Какой тут токмо не было резьбы, какие токмо вырезанные птицы не украшали деревянные балки и стены. Звениславка то и дело задирала голову, чтобы полюбоваться очередным узором, идущим от пола до потолка, и даже выше! Длинные были лавки устланы меховыми шкурами али расписными покрывалами из крашеного полотна. Вдоль стен стояло множество сундуков со всякой утварью и скарбом; там и кубки с драгоценными каменьями, и чарки из золота али серебра, и блестящие, гладко натертые подносы, и расшитые шелковой нитью ручники, и кувшины, и меха, и все, что токмо могла Звениславка вообразить.

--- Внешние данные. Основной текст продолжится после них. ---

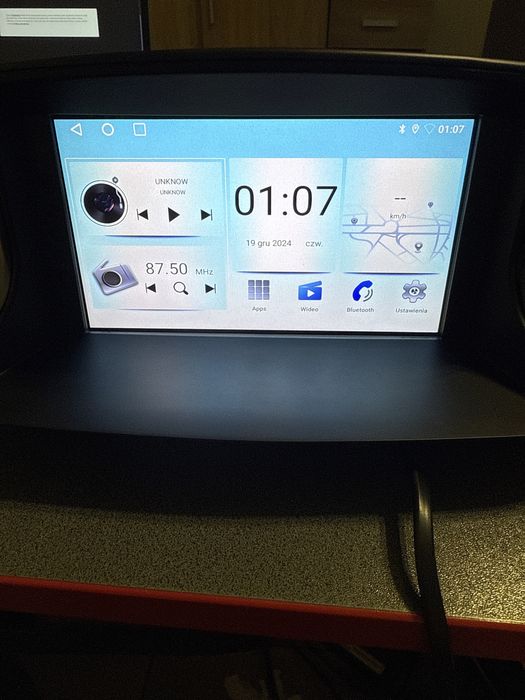 Radio CarPlay Renault Megane 3 [549]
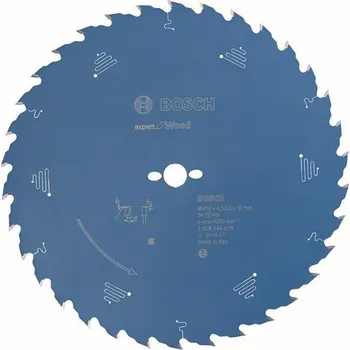 Pilový kotouč Bosch Expert for Wood 450 x 30 x 4,5 mm 34 zubů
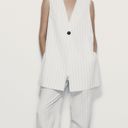 ZARA Pinstripe Vest Photo 0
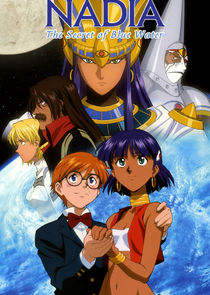 Nadia: The Secret of Blue Water poster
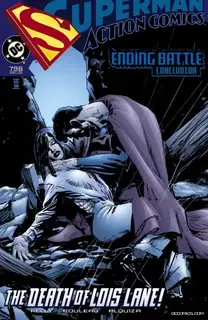 Cover of Action Comics #796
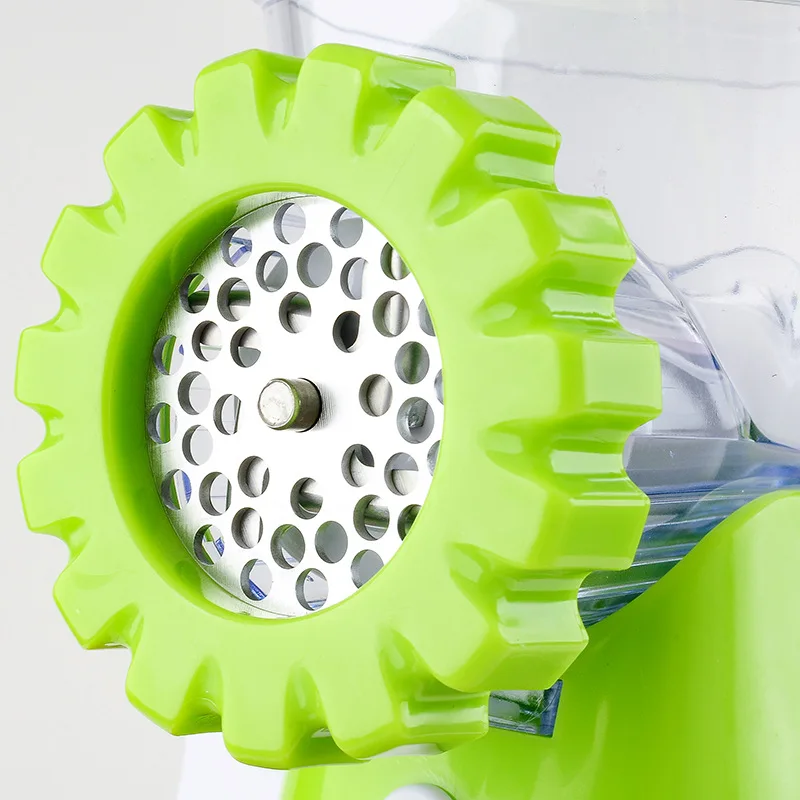 Новая многофункциональная кухонная ручная мясорубка 3 в 1 машина для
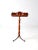 Antique Turned Wood and Iron Towel Stand For Sale - Image 12 of 13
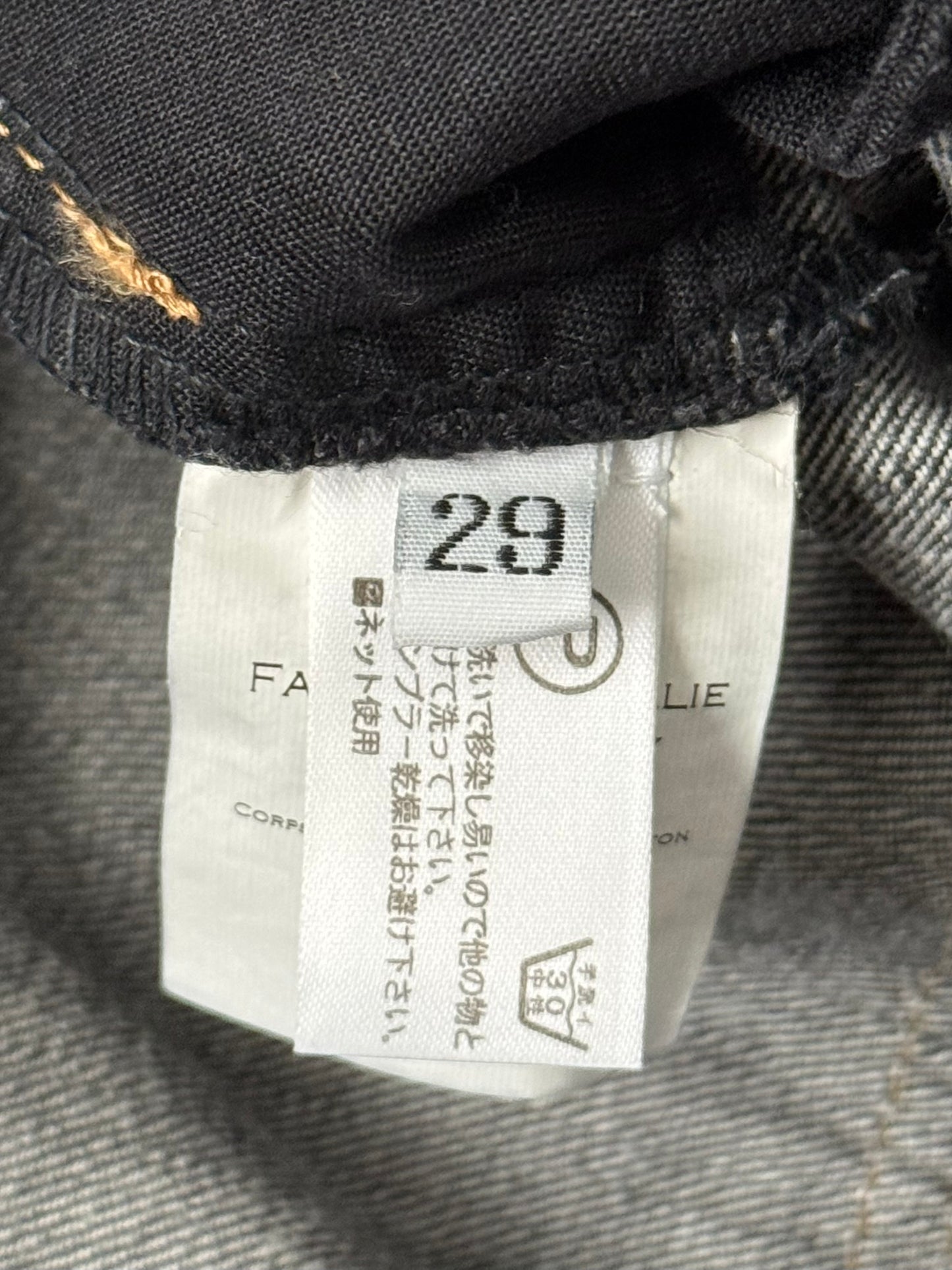 Balmain by Christophe Decarnin Grey Faded Zip Biker Denim Jeans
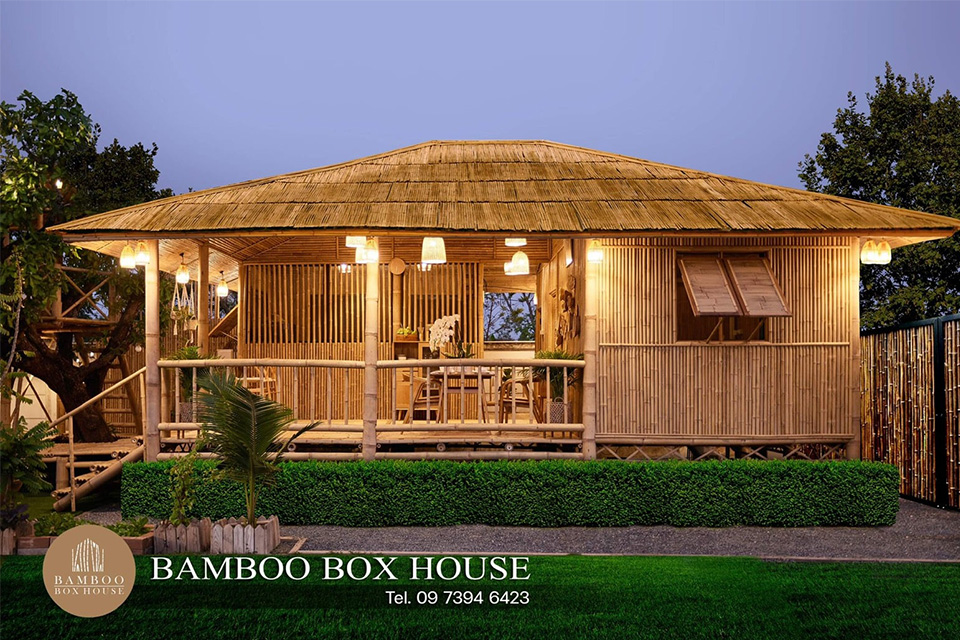 可持续生活的竹屋设计和建造理念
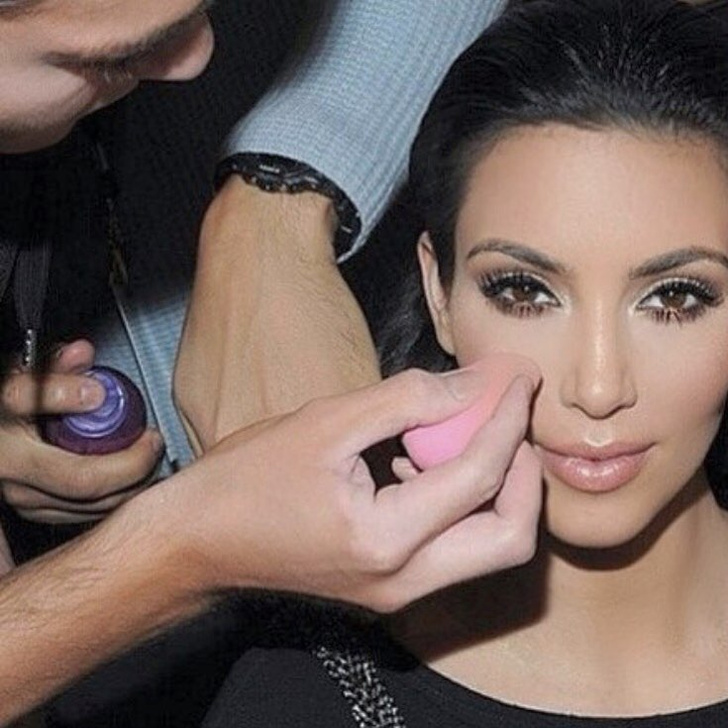 10 трюков в макияже Ким Кардашьян: инструкция по применению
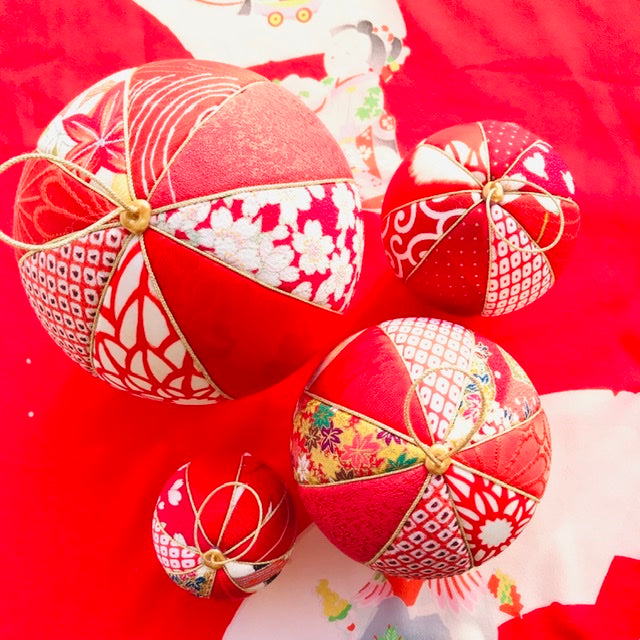 12/13 Saturday 11:00am - Japanese Kimekomi Ornaments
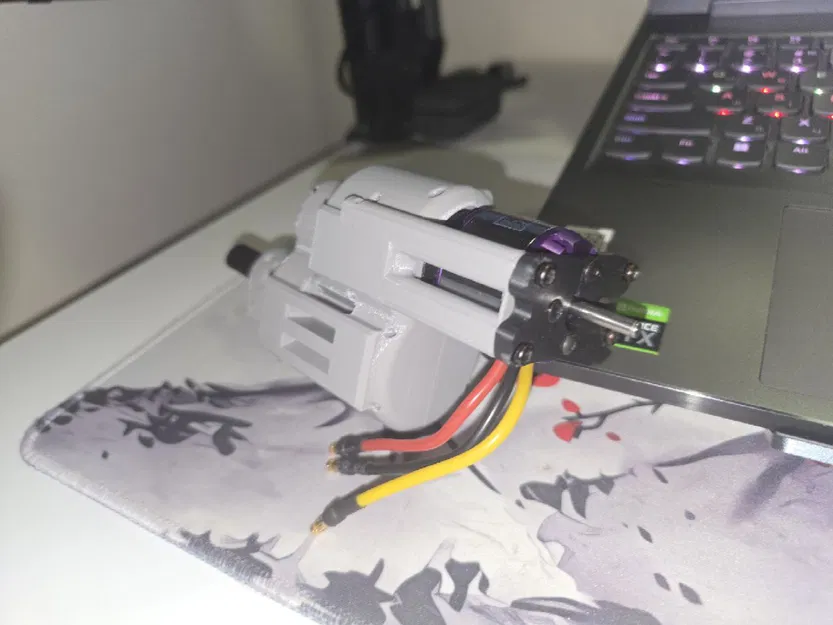 Gearbox không belt cho 3dsets Reaper và Sakura - Image 6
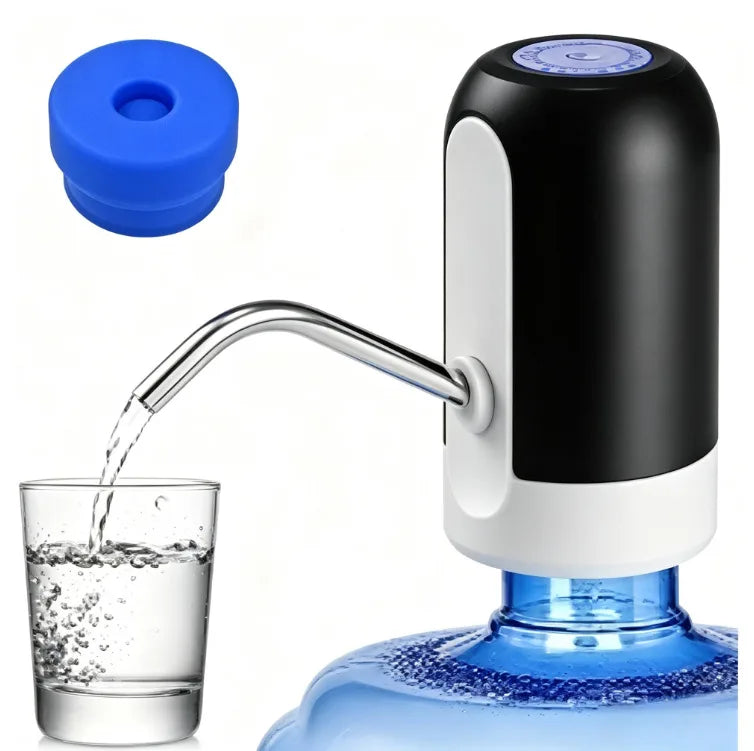 USB Electric Water Dispenser Pump for 5 Gallon Bottles – Rechargeable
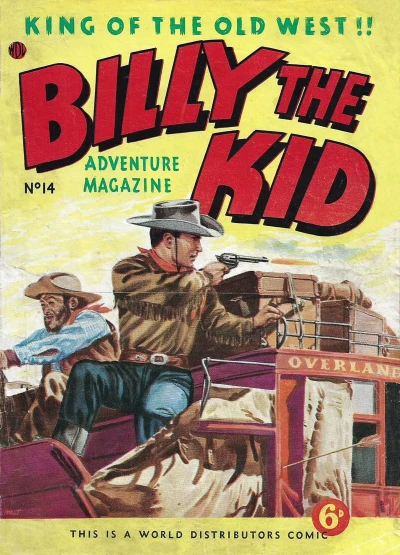 Billy the Kid Adventure Magazine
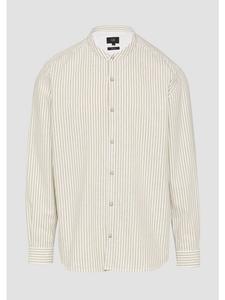 Рубашка в цвете 81G0_бежевый QS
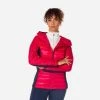 Rossignol Jackets Women's SKPR Hybrid Light Jacket PINK PURPLE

В одной из горниц в женском конце терема Звениславка наткнулась на невиданный доселе ткацкий стан: высоченный, в несколько локтей шириной. Это ж сколько можно поспеть на такой громадине соткать за долгую-то зиму да осень! У нее дома ткали обычно на вполовину меньших станах, и приходилось постоянно сгибаться, опускаться на коленки, чтобы наматывать нить в самом низу. А то и вовсе пряли на простеньких пряслицах
Со вчерашней ночи у Звениславки во рту не было ни крошки, и к моменту, как они закончили обходить княжьи горницы в тереме, она отчаянно проголодалась. Дома она уже знала, как все заведено, когда трапезничали утром и вечером, на сколько человек собирали на стол. Здесь же… Еще и тяжелая кика с непривычки нещадно давила на голову, хотелось сгорбиться и снять ее, чтобы шея хоть малость отдохнула. Она все боялась, что не крепко сплела косы, пропустила какой-нибудь волосок, и он вот-вот выбьется из-под ободка кики. Лучше уж на месте сразу умереть.
Князь сказал накануне, что нынче вечером будет большой пир — вдвое больше вчерашнего. Может, это и хорошо. Звениславка хоть посмотрит да послушает, потому что на пиру перед свадьбой сидела, как не в себе, испуганная и смущенная. Ничегошеньки особо не запомнила.
Они спустились по всходу вниз, чтобы осмотреть клети, а после — хозяйственные постройки на подворье, когда Звениславка, приложив руку к урчавшему животу, все же не выдержала и обернулась к Усте.
— Принеси мне киселя с караваем.
Та понятливо кивнула и убежала, а Звениславка вошла в ближайшую горницу. В ней на лавках за столом в окружении нескольких женщин почтенных зим сидели две девчушки, еще в детских рубашонках до пят. Каждая носила на лбу простенькую матерчатую тесемку, перетягивавшую светлые русые волосы, собранную в косу. Было славницам на вид не больше семи-шести зим.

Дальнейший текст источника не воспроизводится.